Aufgrund klinischer Erfahrung wird vermutet, dass die Verabreichung von Methylphenidat an Patienten mit psychotischen Störungen die Symptome von Verhaltens- oder Denkstörungen verstärken kann.
Bei den klinischen Laborstudien an Kindern zeigte es sich, dass sowohl Methylphenidat wie auch dreimal täglich verabreichtes Methylphenidat gegenüber Placebo während des Tages den Ruhepuls um durchschnittlich 2 bis 6 Schläge pro Minute und den systolischen wie auch diastolischen Blutdruck um rund 1 bis 4 mmHg erhöhten. In placebokontrollierten Studien an Erwachsenen wurde unter Methylphenidat am Endpunkt eine durchschnittliche Steigerung des Ruhepulses von 4 bis 6 Schlägen pro Minute beobachtet vs. einer durchschnittlichen Veränderung von rund -2 bis 3 Schläge pro Minute unter Placebo. Am Endpunkt lagen die mittleren Blutdruckveränderungen unter Methylphenidat zwischen etwa -1 bis 1 mmHg (systolisch) und 0 bis 1 mmHg (diastolisch) und unter Placebo bei -1 bis 1 mmHg (systolisch) sowie -2 bis 0 mmHg (diastolisch).
Vorsicht ist deshalb angebracht bei der Behandlung von Patienten, deren Allgemeinzustand durch eine Erhöhung von Blutdruck oder Pulsfrequenz beeinträchtigt werden könnte.
Bei Patienten mit früherer Medikamentenabhängigkeit ist bei der Verabreichung von Methylphenidat Vorsicht angebracht. Chronischer Missbrauch kann zu ausgeprägter Toleranz und psychischer Abhängigkeit mit abnormalem Verhalten in verschiedenen Schweregraden führen. Speziell bei parenteralem Abusus können manifeste psychotische Episoden vorkommen.
Bei der Absetzung von missbräuchlicher Anwendung ist eine engmaschige Beobachtung erforderlich, da dabei schwere Depressionen auftreten können. Bei der Absetzung nach chronischer therapeutischer Anwendung können Symptome der zugrundeliegenden Störung demaskiert werden, die eine Nachbehandlung erfordern.
Eine sorgfältige Überwachung ist beim Absetzen des Arzneimittels erforderlich, da es dabei zu Entzugserscheinungen sowie zur Demaskierung von Depressionen oder von chronischer Überaktivität kommen kann. Einige Patienten benötigen möglicherweise Nachuntersuchungen über einen längeren Zeitraum.
Es gibt klinische Hinweise darauf, dass Methylphenidat bei Patienten mit epileptischen Anfällen in der Anamnese, oder mit vorbestehenden Abnormalitäten des EEG ohne epileptische Anfälle oder, in sehr seltenen Fällen, bei Patienten ohne vorherige epileptische Anfälle und Hinweise im EEG, die Krampfschwelle herabsetzen kann. Beim Auftreten von Konvulsionen sollte das Präparat abgesetzt werden.

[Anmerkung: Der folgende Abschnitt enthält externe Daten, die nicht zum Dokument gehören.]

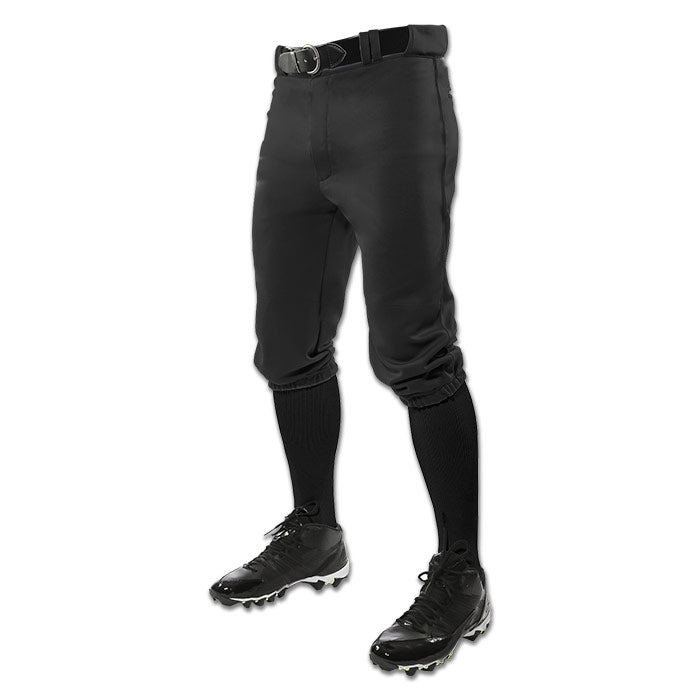A person shown from the waist down wears Champro Sports Adult Triple Crown Knicker Baseball Pants (BP10A) in black, made of pro-weight, abrasion-resistant fabric, paired with black knee-high socks, cleats, and a belt against a white background.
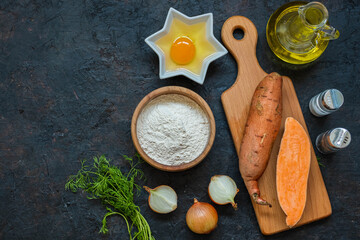 Prepared ingredients for sweet potato or carrot fritters on a dark concrete background.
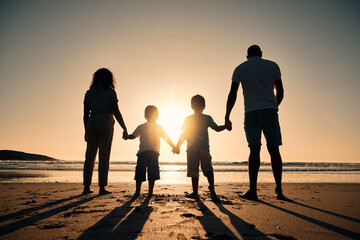 Family silhouette at the beach, holding hands at sunrise and people with love, care and support...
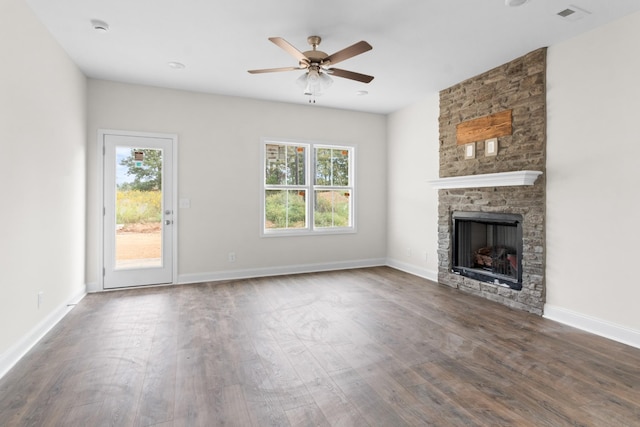 unfurnished living room featuring plenty of natural light, dark hardwood / wood-style floors, a fireplace, and ceiling fan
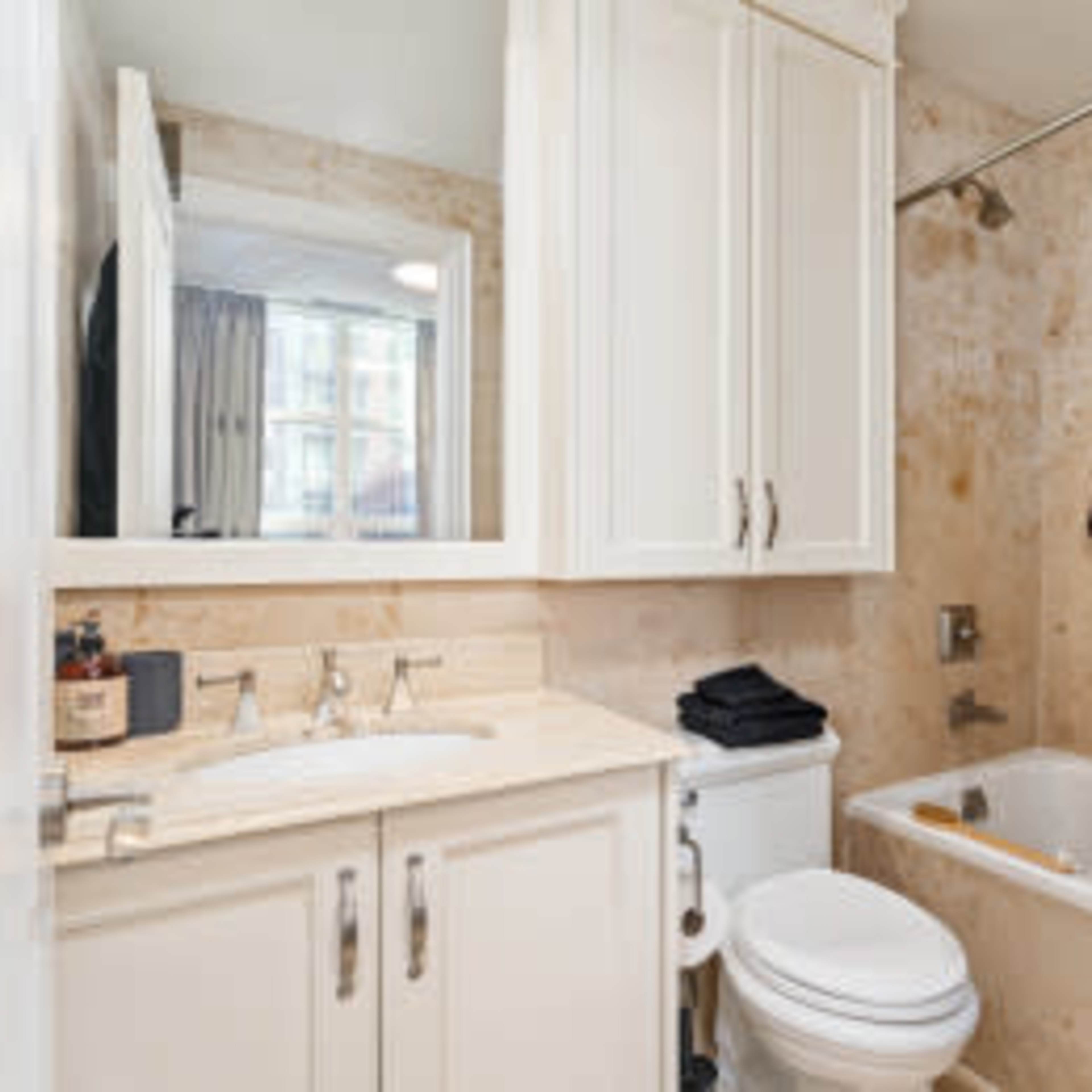 A small bathroom featuring a bathtub with a shower curtain, a sink with cabinets, and a toilet.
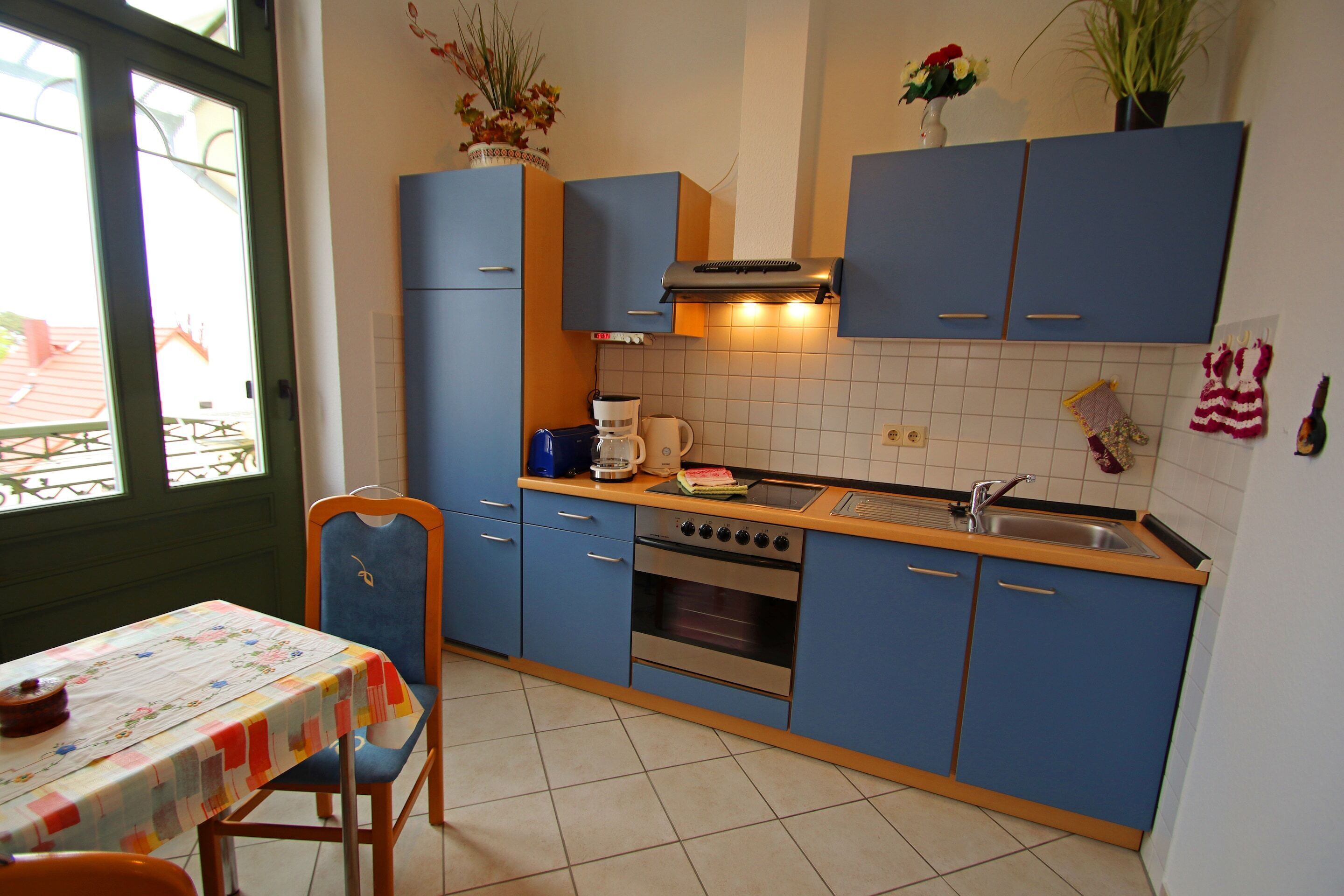 A kitchen with blue cabinets, a stove, a sink, and a table with a floral tablecloth.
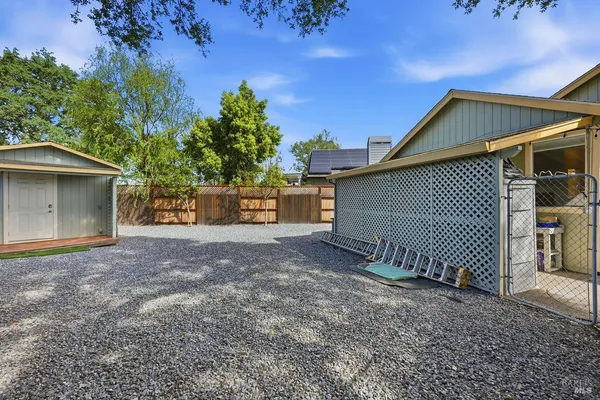 a view of a house with a yard and tree
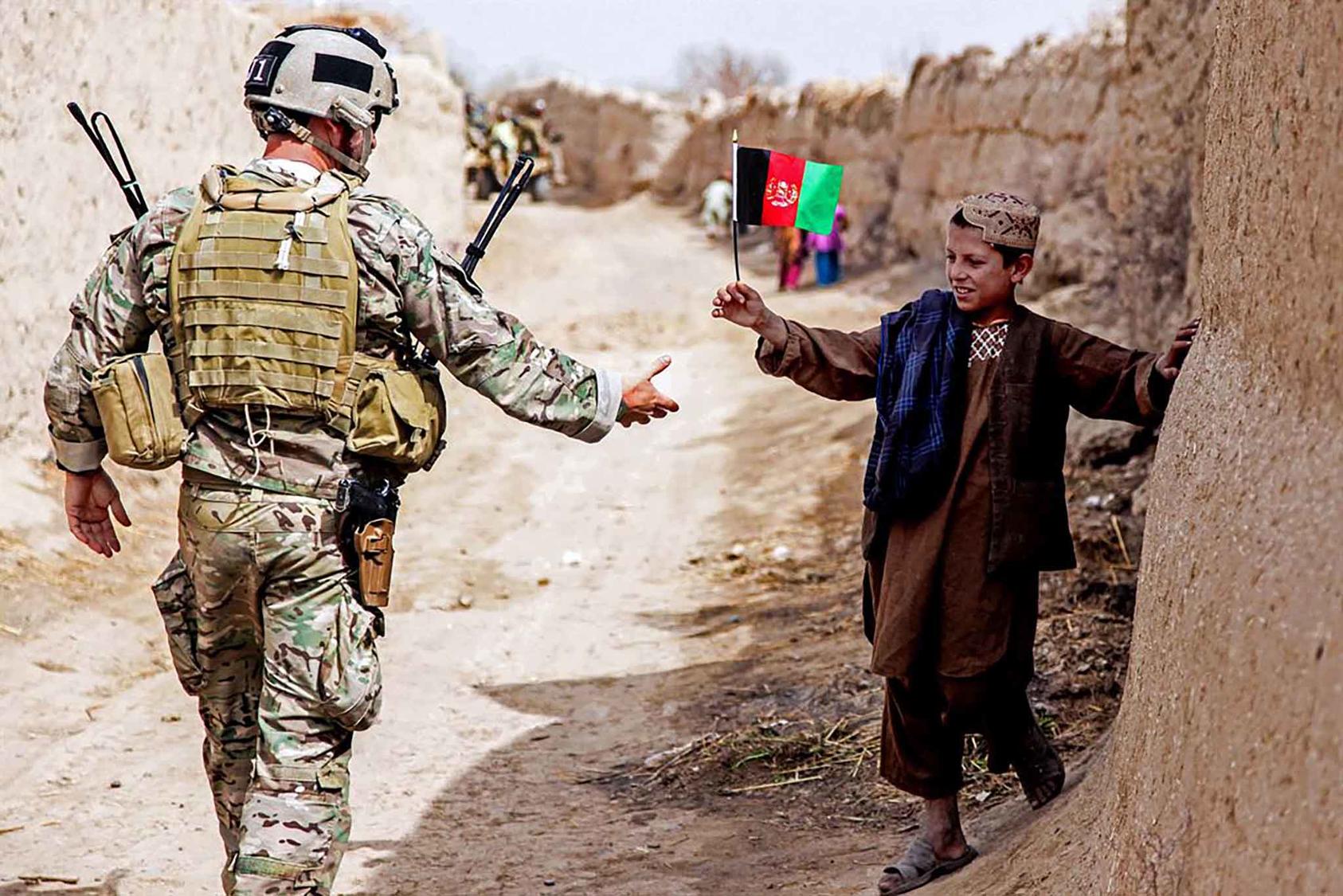 An Afghan child waves a flag at a member of coalition forces as he patrols to a medical clinic led by Afghan national security forces in the Panjwai district of Afghanistan’s Kandahar province. (Photo Courtesy: Department of Defense)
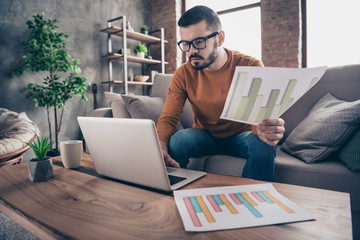 Portrait of handsome stylish trendy use user hold hand funds enterprise accountant have task strategy startup dressed eyewear eyeglasses denim jeans orange sweater pullover 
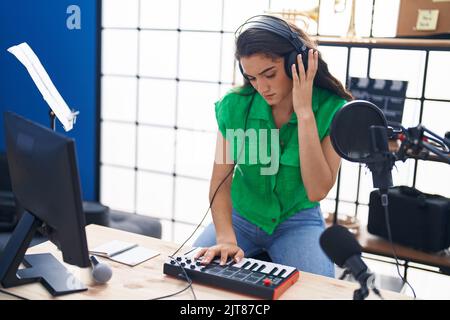 Junge hispanische Musikerin mit dj-Session im Musikstudio Stockfoto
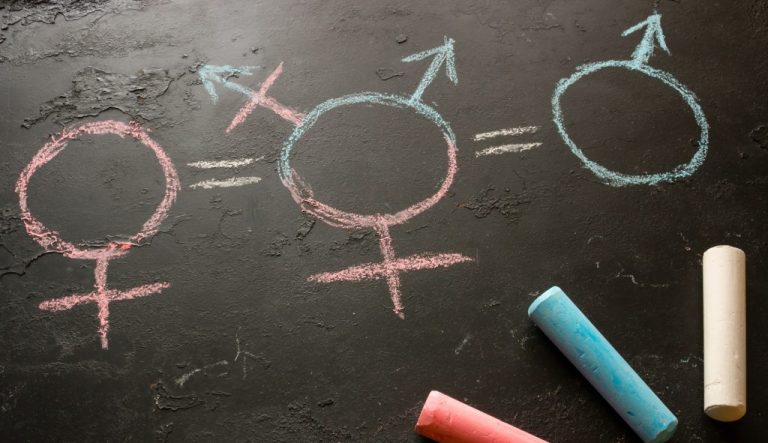 Chalk board drawing of the female, intersex, and male symbols.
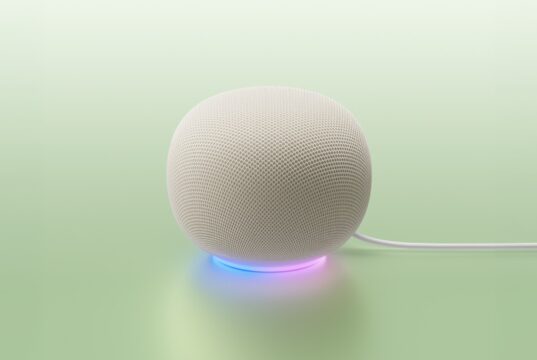 White Google Home Speaker on a mint backdrop with a blue-to-purple light ring and power cable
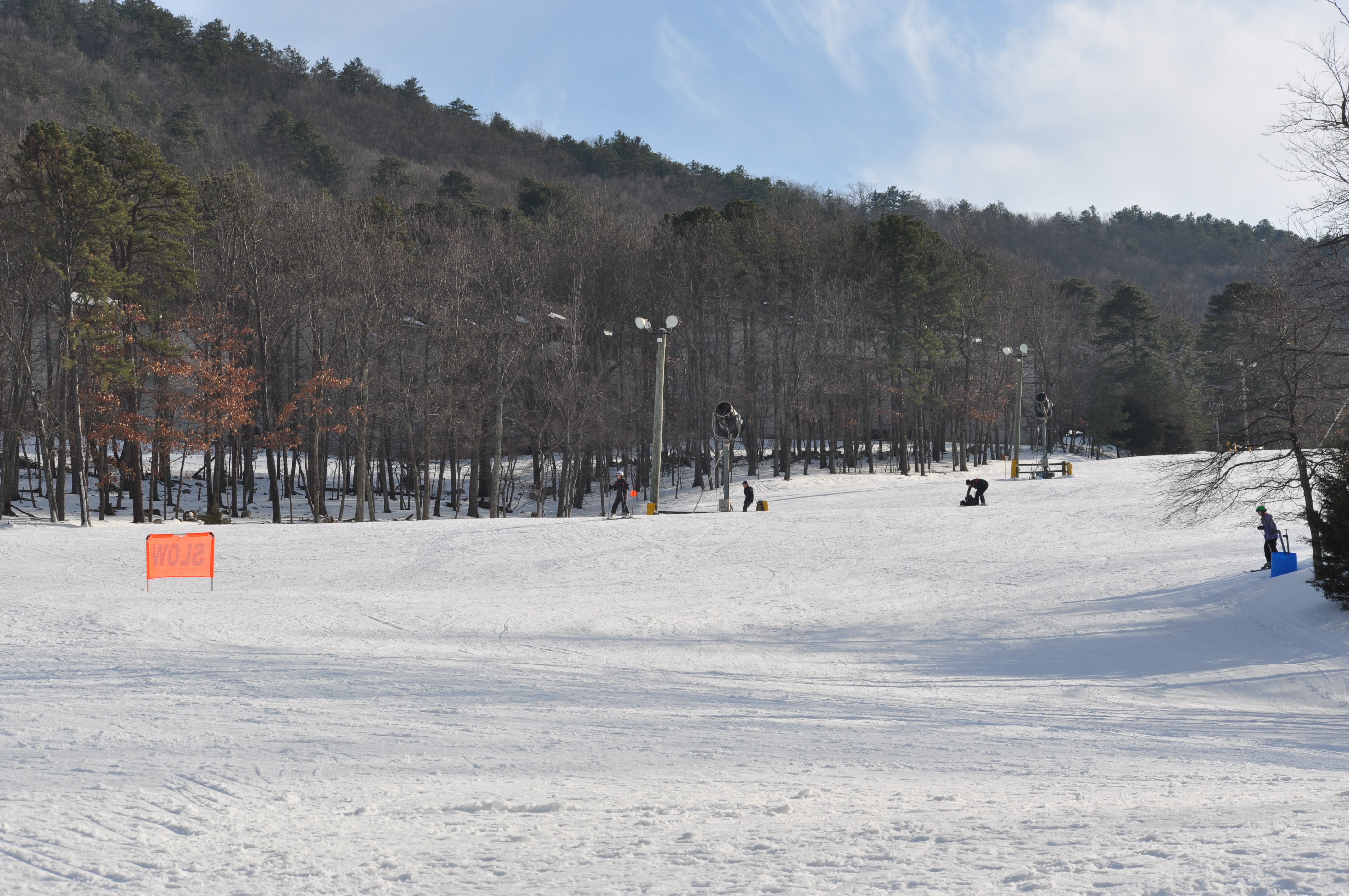 A photo looking up a large white ski slope with trees around it.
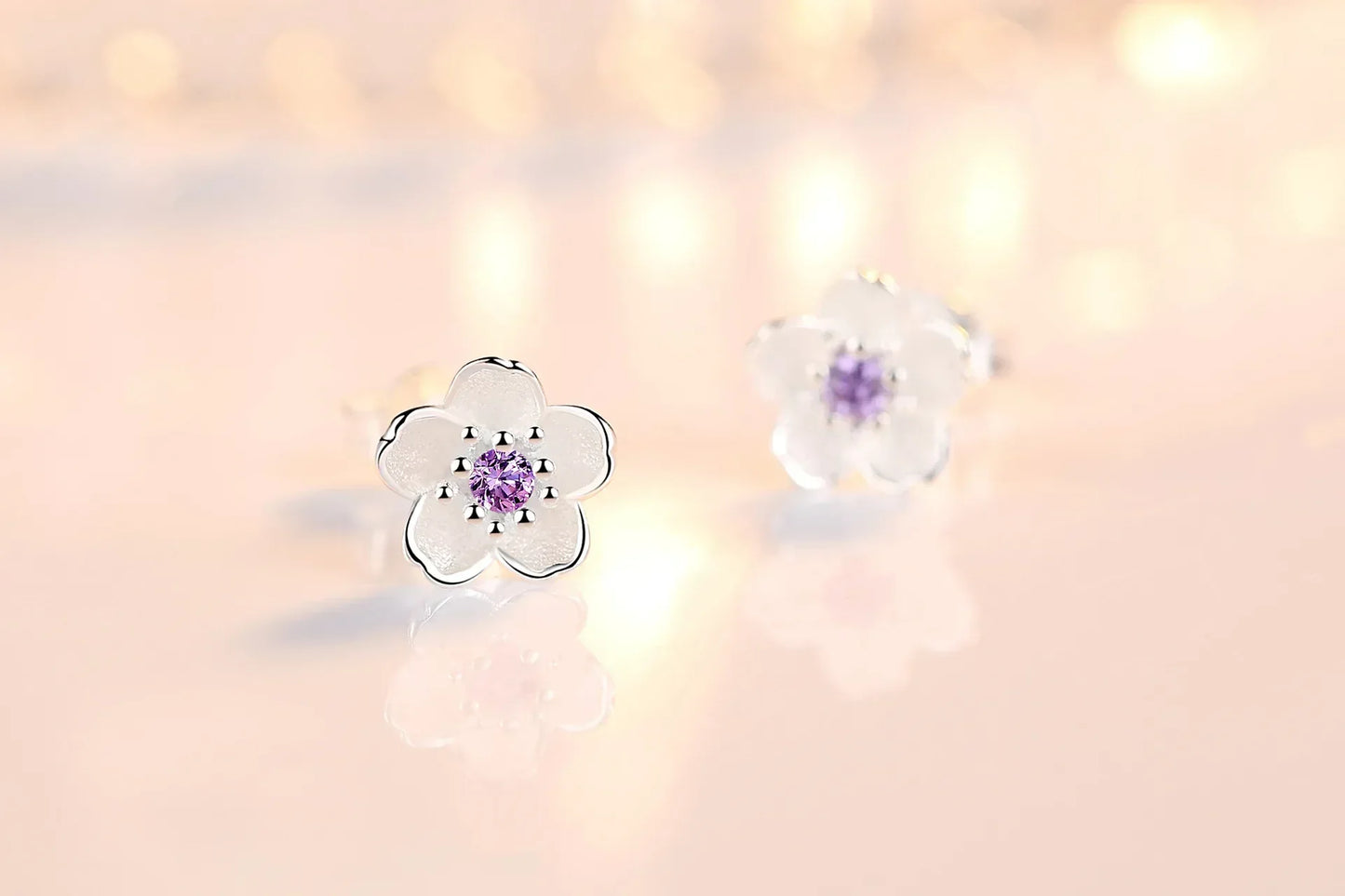 Boucles d'oreilles à bouton en forme de fleur avec zirconiums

In seltenen Fällen sind Symptome von Sehstörungen vorgekommen. Dabei ist über Akkommodationsstörungen und verschwommenes Sehen berichtet worden.
Während einer länger dauernden Therapie sind periodische hämatologische Untersuchungen (komplettes Differentialblutbild und Thrombozytenzahlbestimmung) angezeigt.
Die Entscheidung, Methylphenidat Sandoz nach detaillierter Anamnese und Untersuchung bei hyperkinetischen Verhaltensstörungen zu verschreiben, sollte von der Beurteilung des Schweregrades der Symptome und dem Alter des Kindes abhängig gemacht werden. Die Verschreibung sollte nicht allein aufgrund des Vorhandenseins einzelner oder mehrerer auffälliger Verhaltensmerkmale erfolgen. Stehen die Symptome mit akuten Stressreaktionen in Verbindung, ist Methylphenidat im Allgemeinen nicht indiziert.
Patienten mit der seltenen hereditären Galactose-Intoleranz, völligem Lactase-Mangel oder Glucose-Galactose-Malabsorption sollten Methylphenidat Sandoz nicht einnehmen.
Vorsicht bei der Anwendung zentral wirksamer alpha-2-Agonisten wie Clonidin (siehe «Interaktionen»).